EXERCISE REQUIREMENTS =>
Reproduce the listing exactly, so that no line differs from the original.

DATA TO PROCESS =>
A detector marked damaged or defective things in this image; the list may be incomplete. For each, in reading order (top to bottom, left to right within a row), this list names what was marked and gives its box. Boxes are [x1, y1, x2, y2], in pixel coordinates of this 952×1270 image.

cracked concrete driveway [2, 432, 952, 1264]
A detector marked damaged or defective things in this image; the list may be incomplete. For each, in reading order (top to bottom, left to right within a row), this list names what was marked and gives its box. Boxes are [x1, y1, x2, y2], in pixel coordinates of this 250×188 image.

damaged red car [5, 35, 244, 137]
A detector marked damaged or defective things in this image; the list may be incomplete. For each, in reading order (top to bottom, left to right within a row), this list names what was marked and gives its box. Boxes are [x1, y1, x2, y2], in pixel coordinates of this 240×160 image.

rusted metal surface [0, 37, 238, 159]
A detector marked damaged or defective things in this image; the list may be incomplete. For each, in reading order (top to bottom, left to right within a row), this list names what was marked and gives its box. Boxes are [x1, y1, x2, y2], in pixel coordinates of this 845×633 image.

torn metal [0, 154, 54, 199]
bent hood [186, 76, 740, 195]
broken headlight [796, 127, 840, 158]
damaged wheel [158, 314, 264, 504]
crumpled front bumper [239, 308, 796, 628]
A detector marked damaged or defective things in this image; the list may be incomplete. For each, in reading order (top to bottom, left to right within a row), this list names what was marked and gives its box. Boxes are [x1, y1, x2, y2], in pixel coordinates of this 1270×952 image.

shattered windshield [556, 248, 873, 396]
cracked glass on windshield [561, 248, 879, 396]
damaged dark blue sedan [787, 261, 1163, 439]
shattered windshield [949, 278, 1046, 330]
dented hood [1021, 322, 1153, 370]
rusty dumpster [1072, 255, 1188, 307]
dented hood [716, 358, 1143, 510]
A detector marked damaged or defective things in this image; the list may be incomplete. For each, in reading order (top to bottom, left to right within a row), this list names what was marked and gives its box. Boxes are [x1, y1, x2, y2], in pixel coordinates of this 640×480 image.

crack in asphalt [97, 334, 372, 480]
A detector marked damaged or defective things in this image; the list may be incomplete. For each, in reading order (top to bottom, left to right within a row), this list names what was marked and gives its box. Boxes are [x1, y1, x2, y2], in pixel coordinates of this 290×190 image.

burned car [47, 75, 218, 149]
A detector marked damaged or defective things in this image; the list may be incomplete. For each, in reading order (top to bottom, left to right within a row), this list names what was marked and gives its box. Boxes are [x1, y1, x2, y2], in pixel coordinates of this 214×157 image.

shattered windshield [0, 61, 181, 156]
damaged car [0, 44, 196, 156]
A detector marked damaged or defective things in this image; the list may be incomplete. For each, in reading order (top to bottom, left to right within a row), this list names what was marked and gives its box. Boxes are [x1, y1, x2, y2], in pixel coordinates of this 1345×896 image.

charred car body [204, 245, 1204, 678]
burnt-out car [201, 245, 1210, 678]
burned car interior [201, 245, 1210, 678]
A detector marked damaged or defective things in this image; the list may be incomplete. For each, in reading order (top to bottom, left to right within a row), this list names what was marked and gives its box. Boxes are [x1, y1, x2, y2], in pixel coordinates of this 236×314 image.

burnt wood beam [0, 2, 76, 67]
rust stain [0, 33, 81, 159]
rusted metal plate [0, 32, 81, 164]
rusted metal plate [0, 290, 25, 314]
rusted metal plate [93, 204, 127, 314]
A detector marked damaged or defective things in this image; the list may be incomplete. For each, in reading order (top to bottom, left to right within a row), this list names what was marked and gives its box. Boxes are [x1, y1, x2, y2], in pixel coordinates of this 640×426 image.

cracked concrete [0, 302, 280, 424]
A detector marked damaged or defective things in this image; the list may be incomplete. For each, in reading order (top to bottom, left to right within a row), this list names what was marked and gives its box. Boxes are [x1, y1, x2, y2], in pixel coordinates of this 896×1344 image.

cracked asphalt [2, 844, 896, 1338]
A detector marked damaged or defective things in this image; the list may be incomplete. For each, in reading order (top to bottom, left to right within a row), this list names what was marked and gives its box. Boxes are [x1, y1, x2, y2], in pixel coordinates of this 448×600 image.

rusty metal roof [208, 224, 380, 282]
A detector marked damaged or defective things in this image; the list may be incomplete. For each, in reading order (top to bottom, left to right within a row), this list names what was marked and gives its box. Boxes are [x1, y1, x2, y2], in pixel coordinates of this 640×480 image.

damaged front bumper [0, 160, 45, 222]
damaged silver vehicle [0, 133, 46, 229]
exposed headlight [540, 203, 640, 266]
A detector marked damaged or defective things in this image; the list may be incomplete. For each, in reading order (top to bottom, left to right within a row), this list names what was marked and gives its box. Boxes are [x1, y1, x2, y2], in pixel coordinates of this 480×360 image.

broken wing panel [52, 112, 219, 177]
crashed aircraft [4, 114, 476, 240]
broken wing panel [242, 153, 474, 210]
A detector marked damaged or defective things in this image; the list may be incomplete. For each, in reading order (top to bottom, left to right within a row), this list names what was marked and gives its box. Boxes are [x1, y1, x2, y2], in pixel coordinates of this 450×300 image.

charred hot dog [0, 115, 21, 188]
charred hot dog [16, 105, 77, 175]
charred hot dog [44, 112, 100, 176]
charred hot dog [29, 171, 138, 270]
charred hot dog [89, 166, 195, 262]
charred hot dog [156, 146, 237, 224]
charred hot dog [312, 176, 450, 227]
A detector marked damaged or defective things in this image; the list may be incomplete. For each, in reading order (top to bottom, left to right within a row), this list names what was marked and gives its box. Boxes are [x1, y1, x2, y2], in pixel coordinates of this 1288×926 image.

SOLUTION TO THE EXERCISE =>
A detector marked damaged or defective things in this image; the list may be incomplete. For each, in reading order (top to bottom, left to right within a row), this list names what was marked and gives its box. Boxes are [x1, y1, x2, y2], in pixel coordinates of this 952×1270 image.

cracked concrete driveway [2, 432, 952, 1264]
A detector marked damaged or defective things in this image; the list may be incomplete. For each, in reading order (top to bottom, left to right within a row), this list names what was marked and gives its box. Boxes are [x1, y1, x2, y2], in pixel coordinates of this 250×188 image.

damaged red car [5, 35, 244, 137]
A detector marked damaged or defective things in this image; the list may be incomplete. For each, in reading order (top to bottom, left to right within a row), this list names what was marked and gives its box. Boxes are [x1, y1, x2, y2], in pixel coordinates of this 240×160 image.

rusted metal surface [0, 37, 238, 159]
A detector marked damaged or defective things in this image; the list may be incomplete. For each, in reading order (top to bottom, left to right within a row), this list names what was marked and gives its box. Boxes are [x1, y1, x2, y2], in pixel coordinates of this 845×633 image.

torn metal [0, 154, 54, 199]
bent hood [186, 76, 740, 195]
broken headlight [796, 127, 840, 158]
damaged wheel [158, 314, 264, 504]
crumpled front bumper [239, 308, 796, 628]
A detector marked damaged or defective things in this image; the list may be incomplete. For each, in reading order (top to bottom, left to right within a row), this list names what was marked and gives its box. Boxes are [x1, y1, x2, y2], in pixel coordinates of this 1270×952 image.

shattered windshield [556, 248, 873, 396]
cracked glass on windshield [561, 248, 879, 396]
damaged dark blue sedan [787, 261, 1163, 439]
shattered windshield [949, 278, 1046, 330]
dented hood [1021, 322, 1153, 370]
rusty dumpster [1072, 255, 1188, 307]
dented hood [716, 358, 1143, 510]
A detector marked damaged or defective things in this image; the list may be incomplete. For each, in reading order (top to bottom, left to right within a row), this list names what was marked and gives its box. Boxes are [x1, y1, x2, y2], in pixel coordinates of this 640×480 image.

crack in asphalt [97, 334, 372, 480]
A detector marked damaged or defective things in this image; the list may be incomplete. For each, in reading order (top to bottom, left to right within a row), this list names what was marked and gives its box. Boxes are [x1, y1, x2, y2], in pixel coordinates of this 290×190 image.

burned car [47, 75, 218, 149]
A detector marked damaged or defective things in this image; the list may be incomplete. For each, in reading order (top to bottom, left to right within a row), this list names what was marked and gives its box. Boxes are [x1, y1, x2, y2], in pixel coordinates of this 214×157 image.

shattered windshield [0, 61, 181, 156]
damaged car [0, 44, 196, 156]
A detector marked damaged or defective things in this image; the list may be incomplete. For each, in reading order (top to bottom, left to right within a row), this list names what was marked and gives its box. Boxes are [x1, y1, x2, y2], in pixel coordinates of this 1345×896 image.

charred car body [204, 245, 1204, 678]
burnt-out car [201, 245, 1210, 678]
burned car interior [201, 245, 1210, 678]
A detector marked damaged or defective things in this image; the list may be incomplete. For each, in reading order (top to bottom, left to right within a row), this list names what was marked and gives its box. Boxes are [x1, y1, x2, y2], in pixel coordinates of this 236×314 image.

burnt wood beam [0, 2, 76, 67]
rust stain [0, 33, 81, 159]
rusted metal plate [0, 32, 81, 164]
rusted metal plate [0, 290, 25, 314]
rusted metal plate [93, 204, 127, 314]
A detector marked damaged or defective things in this image; the list may be incomplete. For each, in reading order (top to bottom, left to right within a row), this list names what was marked and gives its box. Boxes are [x1, y1, x2, y2], in pixel coordinates of this 640×426 image.

cracked concrete [0, 302, 280, 424]
A detector marked damaged or defective things in this image; the list may be incomplete. For each, in reading order (top to bottom, left to right within a row), this list names what was marked and gives its box. Boxes are [x1, y1, x2, y2], in pixel coordinates of this 896×1344 image.

cracked asphalt [2, 844, 896, 1338]
A detector marked damaged or defective things in this image; the list may be incomplete. For each, in reading order (top to bottom, left to right within a row), this list names what was marked and gives its box. Boxes are [x1, y1, x2, y2], in pixel coordinates of this 448×600 image.

rusty metal roof [208, 224, 380, 282]
A detector marked damaged or defective things in this image; the list may be incomplete. For each, in reading order (top to bottom, left to right within a row), this list names what was marked and gives its box. Boxes are [x1, y1, x2, y2], in pixel coordinates of this 640×480 image.

damaged front bumper [0, 160, 45, 222]
damaged silver vehicle [0, 133, 46, 229]
exposed headlight [540, 203, 640, 266]
A detector marked damaged or defective things in this image; the list may be incomplete. For each, in reading order (top to bottom, left to right within a row), this list names what was marked and gives its box. Boxes are [x1, y1, x2, y2], in pixel coordinates of this 480×360 image.

broken wing panel [52, 112, 219, 177]
crashed aircraft [4, 114, 476, 240]
broken wing panel [242, 153, 474, 210]
A detector marked damaged or defective things in this image; the list may be incomplete. For each, in reading order (top to bottom, left to right within a row), this list names what was marked and gives its box. Boxes are [x1, y1, x2, y2], in pixel coordinates of this 450×300 image.

charred hot dog [0, 115, 21, 188]
charred hot dog [16, 105, 77, 175]
charred hot dog [44, 112, 100, 176]
charred hot dog [29, 171, 138, 270]
charred hot dog [89, 166, 195, 262]
charred hot dog [156, 146, 237, 224]
charred hot dog [312, 176, 450, 227]
A detector marked damaged or defective things in this image; the list may be incomplete. For each, in reading order (top to bottom, left to right within a row), this list names what was marked and gives its box. Boxes are [x1, y1, x2, y2], in pixel coordinates of this 1288×926 image.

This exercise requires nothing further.